Collected data:
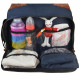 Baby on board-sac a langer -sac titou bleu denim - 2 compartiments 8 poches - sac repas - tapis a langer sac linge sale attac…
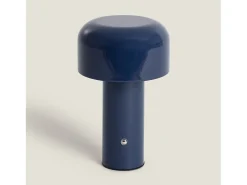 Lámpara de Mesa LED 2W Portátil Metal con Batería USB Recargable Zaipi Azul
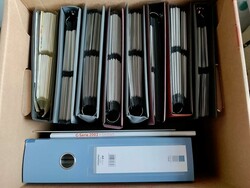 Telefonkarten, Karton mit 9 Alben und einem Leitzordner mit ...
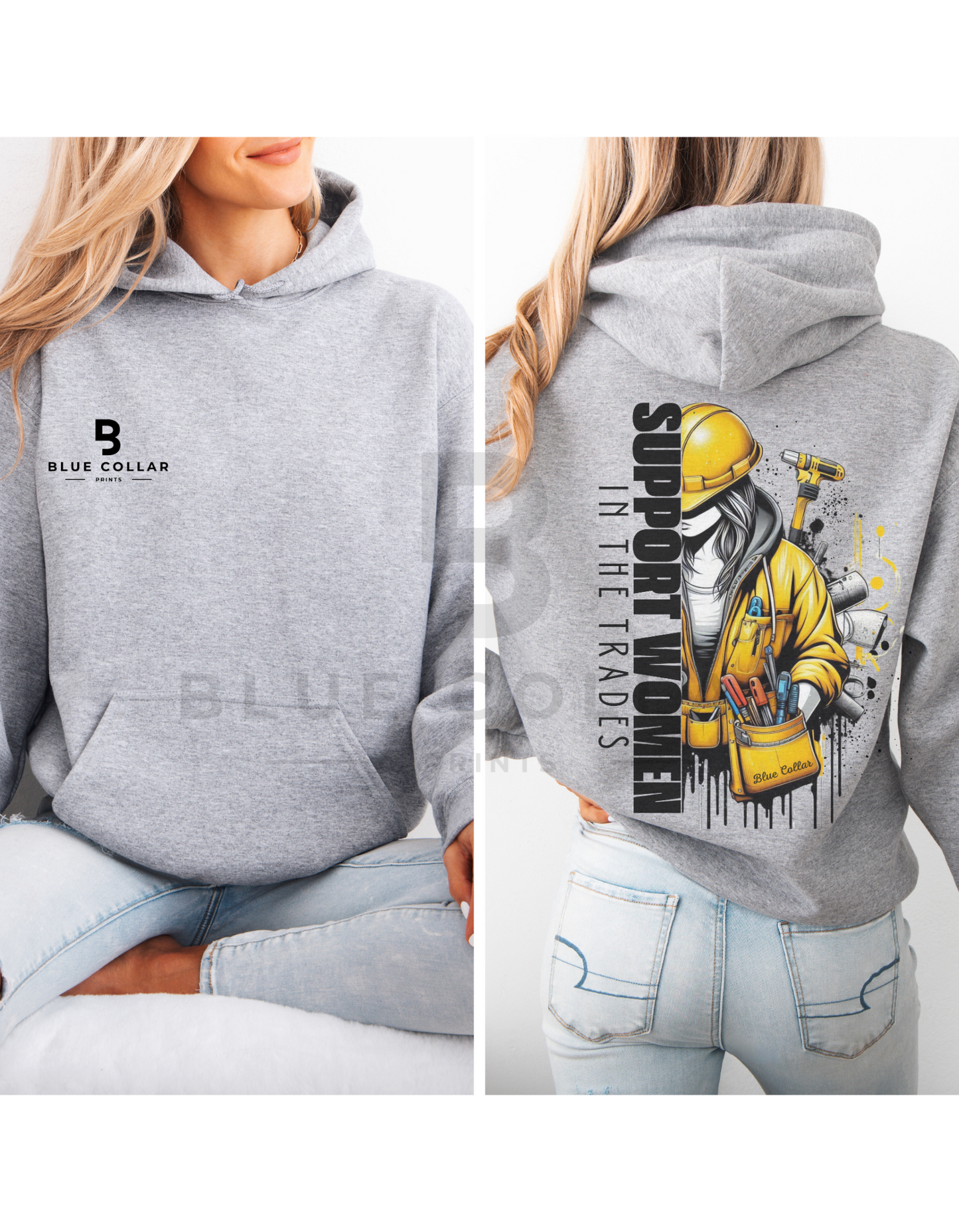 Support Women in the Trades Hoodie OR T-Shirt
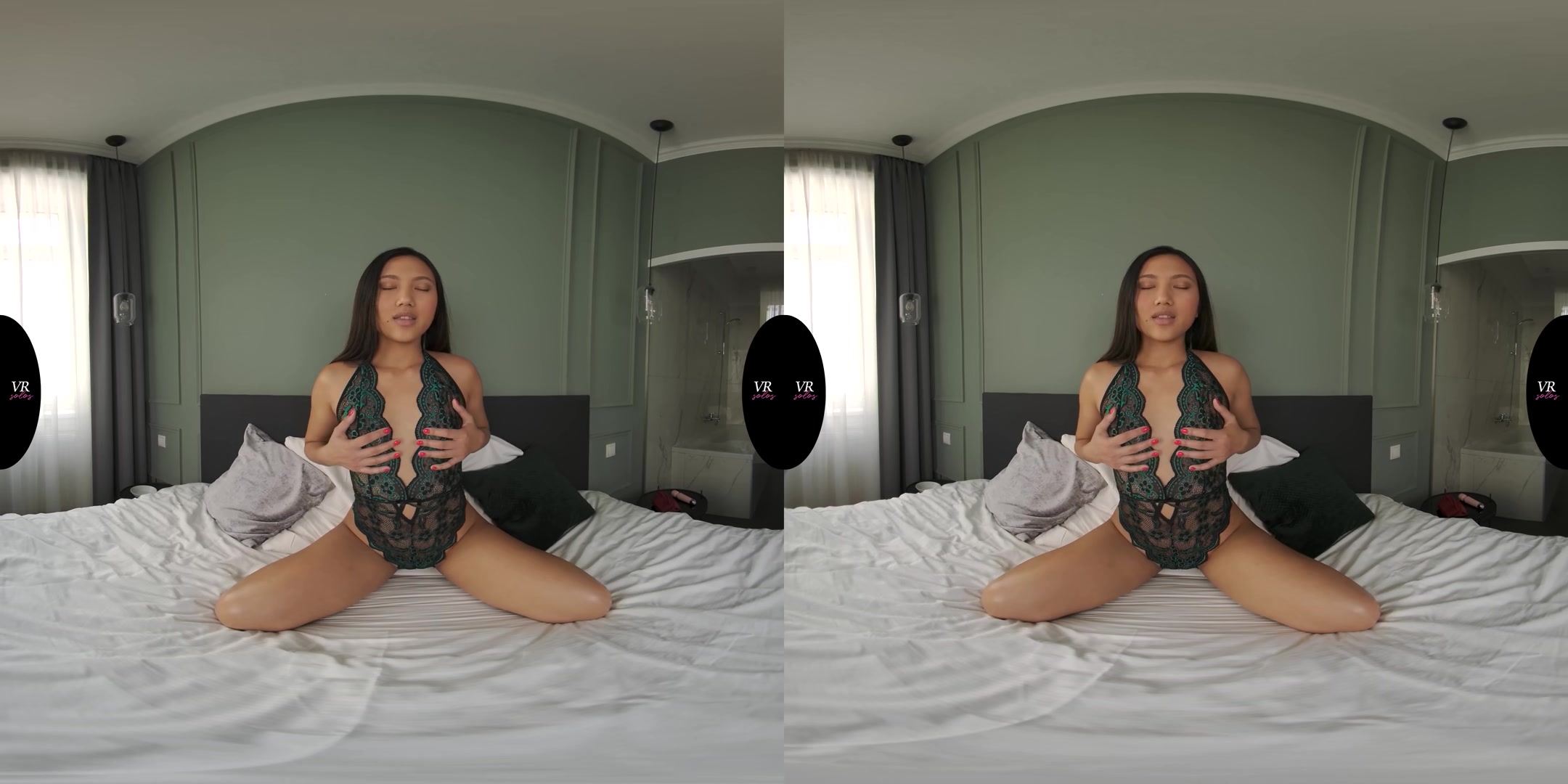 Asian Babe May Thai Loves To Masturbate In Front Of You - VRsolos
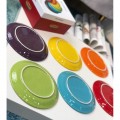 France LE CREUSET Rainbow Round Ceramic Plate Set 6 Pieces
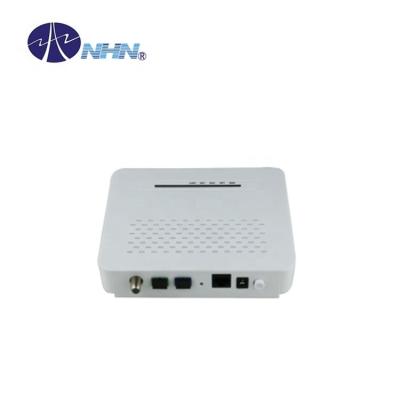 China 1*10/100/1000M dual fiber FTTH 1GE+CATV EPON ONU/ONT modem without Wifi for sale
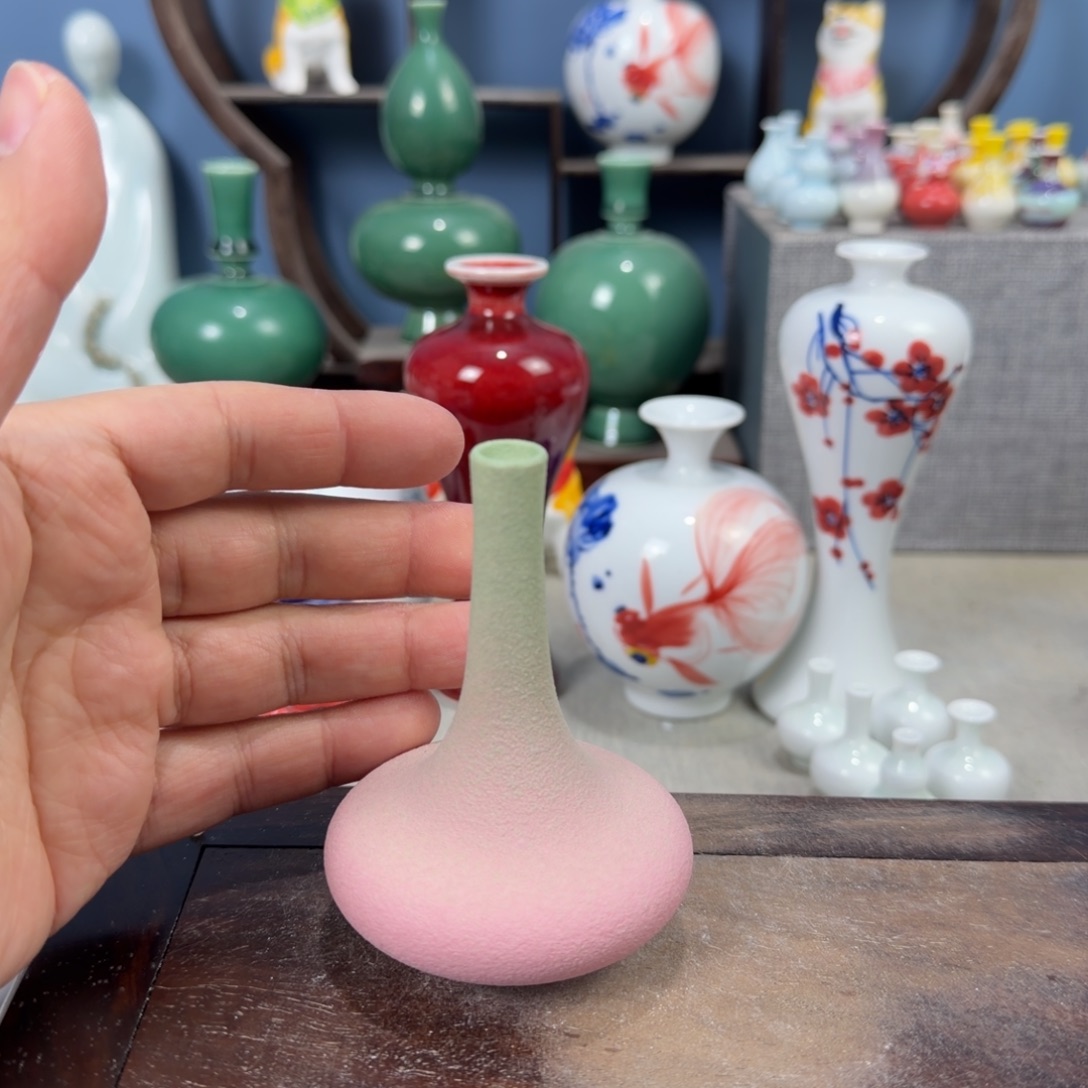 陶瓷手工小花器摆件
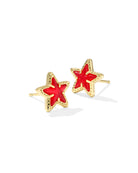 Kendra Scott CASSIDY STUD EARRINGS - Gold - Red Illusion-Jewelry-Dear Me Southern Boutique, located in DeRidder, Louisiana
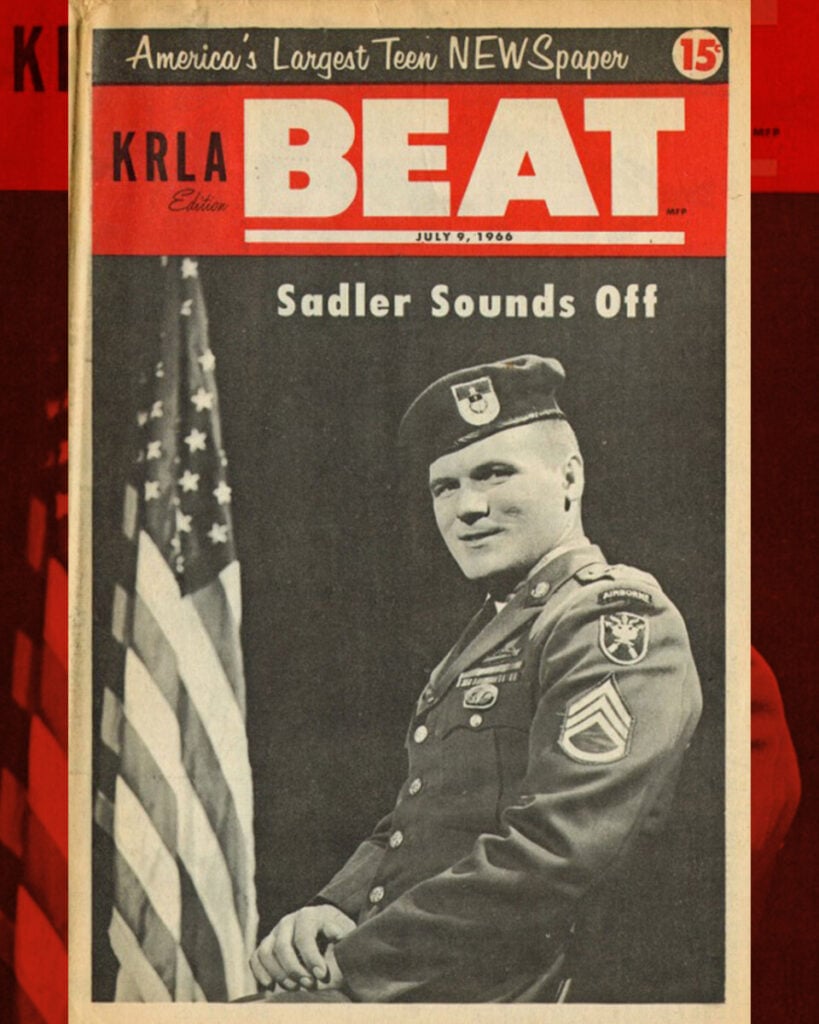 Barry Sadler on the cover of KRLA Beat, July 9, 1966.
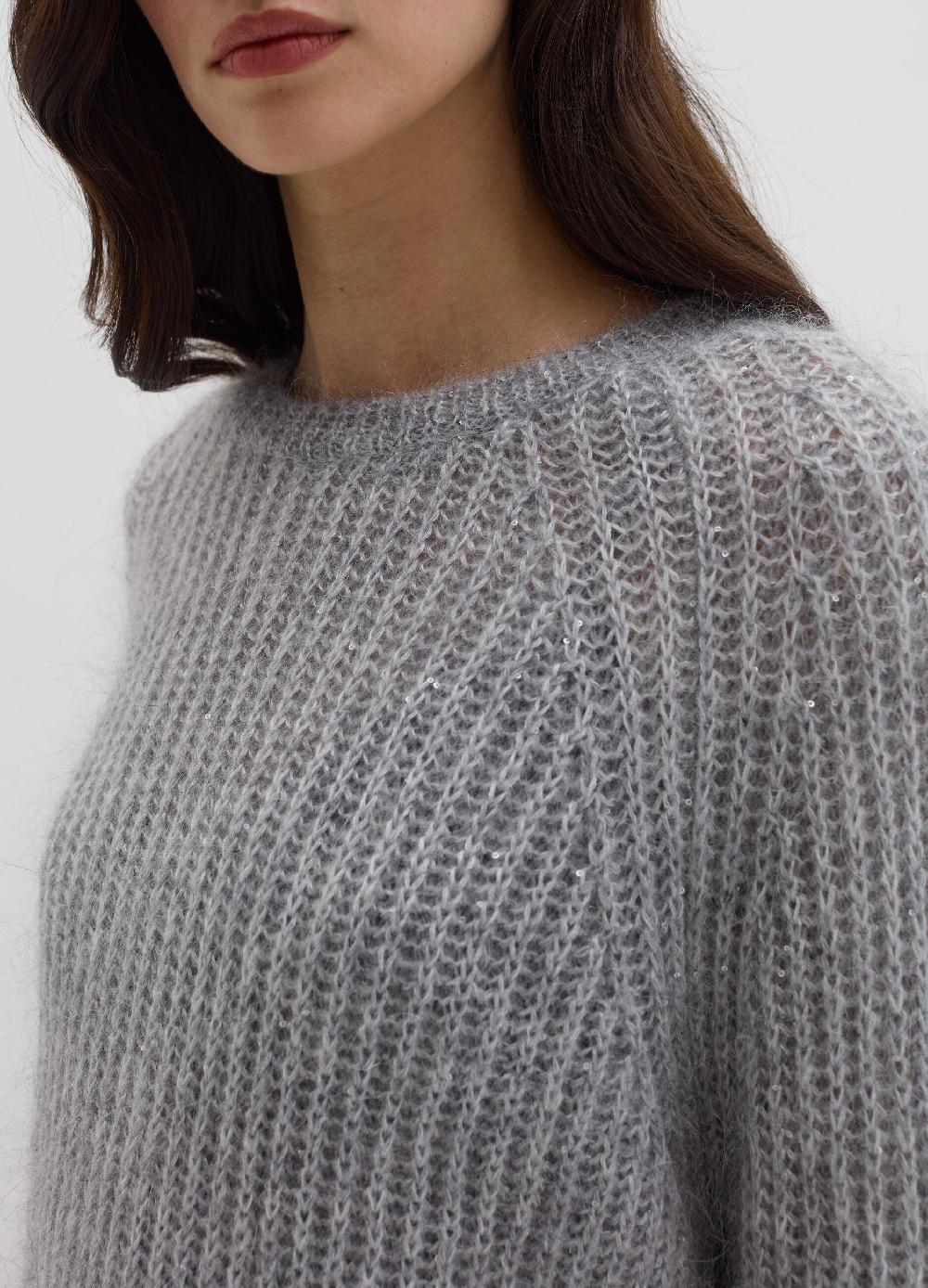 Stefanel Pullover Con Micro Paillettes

EXERCISE: Your task is to retype all the entries exactly and leave out any pictures.

WRITTEN RESPONSE:
 Baby on board-sac a langer -sac titou bleu denim - 2 compartiments 8 poches - sac repas - tapis a langer sac linge sale attac…
 Lámpara de Mesa LED 2W Portátil Metal con Batería USB Recargable Zaipi Azul
 Telefonkarten, Karton mit 9 Alben und einem Leitzordner mit ...
 Support Women in the Trades Hoodie OR T-Shirt
 Asian Babe May Thai Loves To Masturbate In Front Of You - VRsolos
 France LE CREUSET Rainbow Round Ceramic Plate Set 6 Pieces
 China 1*10/100/1000M dual fiber FTTH 1GE+CATV EPON ONU/ONT modem without Wifi for sale
 陶瓷手工小花器摆件
 Kendra Scott CASSIDY STUD EARRINGS - Gold - Red Illusion-Jewelry-Dear Me Southern Boutique, located in DeRidder, Louisiana
 Barry Sadler on the cover of KRLA Beat, July 9, 1966.
 Stefanel Pullover Con Micro Paillettes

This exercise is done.